Taliban Mass Around Kandahar
BY Herschel Smith16 years, 6 months ago
We recently covered the break of approximately 400 low- and mid-level Taliban fighters from prison by motorcyclists and suicide bombers. The families of these fighters were said to be slaughtering sheep in anticipation of their return. Now for the consequences of the laxity in prison and judicial operations. The freed Taliban fighters are massing in villages around Kandahar and digging in anticipating a fight with the Afghan Army or ISAF.
The Taliban dug into defensive positions in a cluster of villages near Kandahar yesterday in apparent preparation for a battle on the doorstep of Afghanistan’s second city.
The brazen gambit came days after the Taliban smashed into Kandahar’s main prison, freeing 400 militants, and deepening the sense of crisis in the country.
Local elders said fighters had flooded into Arghandab, a rural sprawl of farmhouses and vineyards that stretches north-west of Kandahar city. “They have blown up several bridges and are planting mines everywhere,” Muhammad Usman, a taxi driver who had evacuated a family, told reporters in Kandahar.

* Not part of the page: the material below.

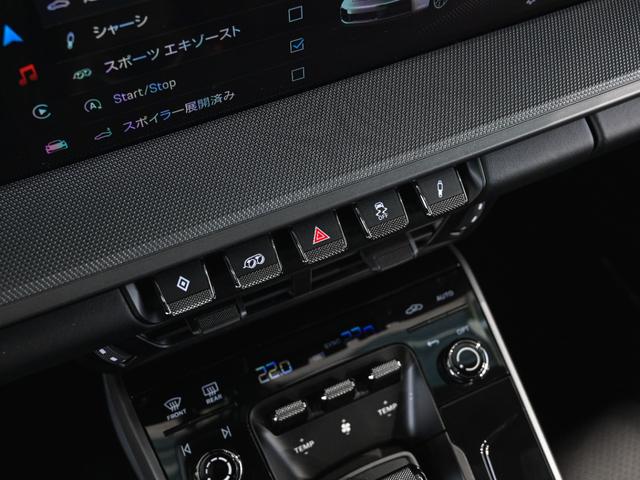 911 911カレラ 992.2 スポーツクロノPKG スポーツエキゾーストシステム HDマトリックスLEDヘッドライト Exclusive Designテールライト パワーステアリング+(23枚目)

The Afghan army flew 700 soldiers into Kandahar and Nato redeployed Canadian soldiers in response to the Taliban actions. But the US-led coalition – which operates under a separate chain of command – disputed the seriousness of the threat, saying it had deployed a patrol to Arghandab and found “no evidence that militants control the area”.
A Nato spokesman, Mark Laity, said the alliance had a “very mixed picture” about the size of the buildup. “We assume insurgents are there but we have little evidence of hundreds. You have some displaced people who are panicky, some bad guys who are exaggerating and so it’s hard to know what is happening,” he said.

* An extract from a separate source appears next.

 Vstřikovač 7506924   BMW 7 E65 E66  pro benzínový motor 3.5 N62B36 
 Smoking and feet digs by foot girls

Laity said Nato aircraft had dropped leaflets on the area urging residents to stay indoors. “We’re emphasising potential threats,” he said.
The Taliban have long prized Arghandab, whose pomegranate orchards and vineyards make for ideal guerrilla fighting ground. Soviet troops never managed to capture the area during the 10-year occupation that ended in 1989. But it has been vulnerable since the death last year of two leaders of the local Alokozai tribe, Mullah Naqibullah and Abdul Hakim Jan – one from a heart attack, the other in a suicide bombing …
One commander, Mullah Ahmedullah, said escaped prisoners from Friday night’s jailbreak were among their ranks.
“We’ve occupied most of the area and it’s a good place for fighting. Now we are waiting for the Nato and Afghan forces,” he told the Associated Press.
So the ISAF has “deployed a patrol” to the area and found no evidence that the Taliban control anything. This sounds similar to the claim that there wasn’t going to be a spring offensive. The Captain’s Journal will make a prediction. First, when fighting starts, it will then be ascertained that the Taliban didn’t give away their force size to this patrol (as if they are supposed to walk up and surrender intelligence to the ISAF). Second, the Taliban will make this as much of an asymmetric fight as they capable.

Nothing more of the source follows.